INPUT RECORDS:

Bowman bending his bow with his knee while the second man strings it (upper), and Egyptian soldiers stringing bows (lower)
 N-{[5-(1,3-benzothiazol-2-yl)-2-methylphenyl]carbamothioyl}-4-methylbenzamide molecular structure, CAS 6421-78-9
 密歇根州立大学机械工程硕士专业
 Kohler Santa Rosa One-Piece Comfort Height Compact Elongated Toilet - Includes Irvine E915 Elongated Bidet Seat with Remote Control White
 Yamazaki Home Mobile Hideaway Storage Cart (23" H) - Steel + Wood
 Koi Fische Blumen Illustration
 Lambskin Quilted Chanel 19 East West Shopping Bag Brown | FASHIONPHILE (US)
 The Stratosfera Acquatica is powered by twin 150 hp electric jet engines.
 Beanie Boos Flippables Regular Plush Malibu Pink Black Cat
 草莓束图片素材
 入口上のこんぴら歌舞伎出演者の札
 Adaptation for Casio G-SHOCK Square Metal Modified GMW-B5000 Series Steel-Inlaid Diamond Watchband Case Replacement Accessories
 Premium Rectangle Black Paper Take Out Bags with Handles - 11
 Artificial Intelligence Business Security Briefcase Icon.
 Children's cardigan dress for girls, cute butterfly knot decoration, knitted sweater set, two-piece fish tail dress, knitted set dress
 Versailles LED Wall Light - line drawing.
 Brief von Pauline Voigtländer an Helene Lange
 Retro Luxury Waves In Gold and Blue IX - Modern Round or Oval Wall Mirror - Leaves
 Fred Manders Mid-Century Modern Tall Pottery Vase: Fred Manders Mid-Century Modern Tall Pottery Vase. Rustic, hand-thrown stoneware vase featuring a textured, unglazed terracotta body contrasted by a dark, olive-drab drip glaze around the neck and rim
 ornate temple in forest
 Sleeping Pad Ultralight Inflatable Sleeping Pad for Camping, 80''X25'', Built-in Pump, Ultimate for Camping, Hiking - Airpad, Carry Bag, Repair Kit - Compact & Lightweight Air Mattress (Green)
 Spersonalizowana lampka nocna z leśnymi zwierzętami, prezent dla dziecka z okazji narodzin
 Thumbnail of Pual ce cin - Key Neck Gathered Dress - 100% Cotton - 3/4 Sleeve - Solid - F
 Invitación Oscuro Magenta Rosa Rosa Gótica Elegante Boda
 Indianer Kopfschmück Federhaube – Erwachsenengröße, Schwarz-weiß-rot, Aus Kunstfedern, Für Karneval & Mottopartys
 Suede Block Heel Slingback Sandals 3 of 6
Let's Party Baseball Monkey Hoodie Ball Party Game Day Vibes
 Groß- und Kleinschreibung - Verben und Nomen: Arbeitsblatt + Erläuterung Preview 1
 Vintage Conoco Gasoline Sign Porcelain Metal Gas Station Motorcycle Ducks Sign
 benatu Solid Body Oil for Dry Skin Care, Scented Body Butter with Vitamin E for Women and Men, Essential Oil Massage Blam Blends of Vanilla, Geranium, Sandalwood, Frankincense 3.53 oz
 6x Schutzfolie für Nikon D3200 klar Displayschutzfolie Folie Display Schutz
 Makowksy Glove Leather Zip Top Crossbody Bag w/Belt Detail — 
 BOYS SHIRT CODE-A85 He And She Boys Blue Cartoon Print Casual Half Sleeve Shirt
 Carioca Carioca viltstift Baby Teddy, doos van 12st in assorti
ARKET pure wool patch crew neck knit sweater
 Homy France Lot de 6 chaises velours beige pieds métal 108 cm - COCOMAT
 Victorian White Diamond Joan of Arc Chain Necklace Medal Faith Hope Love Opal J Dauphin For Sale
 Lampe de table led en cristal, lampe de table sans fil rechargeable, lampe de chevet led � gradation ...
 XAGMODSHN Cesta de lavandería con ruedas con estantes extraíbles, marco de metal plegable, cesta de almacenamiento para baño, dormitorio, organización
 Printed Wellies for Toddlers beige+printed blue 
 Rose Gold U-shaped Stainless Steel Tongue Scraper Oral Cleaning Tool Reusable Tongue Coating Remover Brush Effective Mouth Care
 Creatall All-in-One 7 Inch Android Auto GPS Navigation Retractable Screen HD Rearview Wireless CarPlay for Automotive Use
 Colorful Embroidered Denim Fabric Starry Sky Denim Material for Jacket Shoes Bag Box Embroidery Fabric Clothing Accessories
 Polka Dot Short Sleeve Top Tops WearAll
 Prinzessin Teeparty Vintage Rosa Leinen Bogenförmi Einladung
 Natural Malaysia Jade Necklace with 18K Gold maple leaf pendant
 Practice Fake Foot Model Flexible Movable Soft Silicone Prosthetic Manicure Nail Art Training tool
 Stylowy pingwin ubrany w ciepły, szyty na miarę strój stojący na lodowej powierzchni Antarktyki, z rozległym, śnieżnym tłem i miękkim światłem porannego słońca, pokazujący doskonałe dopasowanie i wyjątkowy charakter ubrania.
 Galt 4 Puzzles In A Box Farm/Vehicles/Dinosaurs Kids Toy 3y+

AIM OF THE TASK:
Looking at the listing above, tally the lines containing "Compact" and give only that tally.

RESPONSE AREA:
2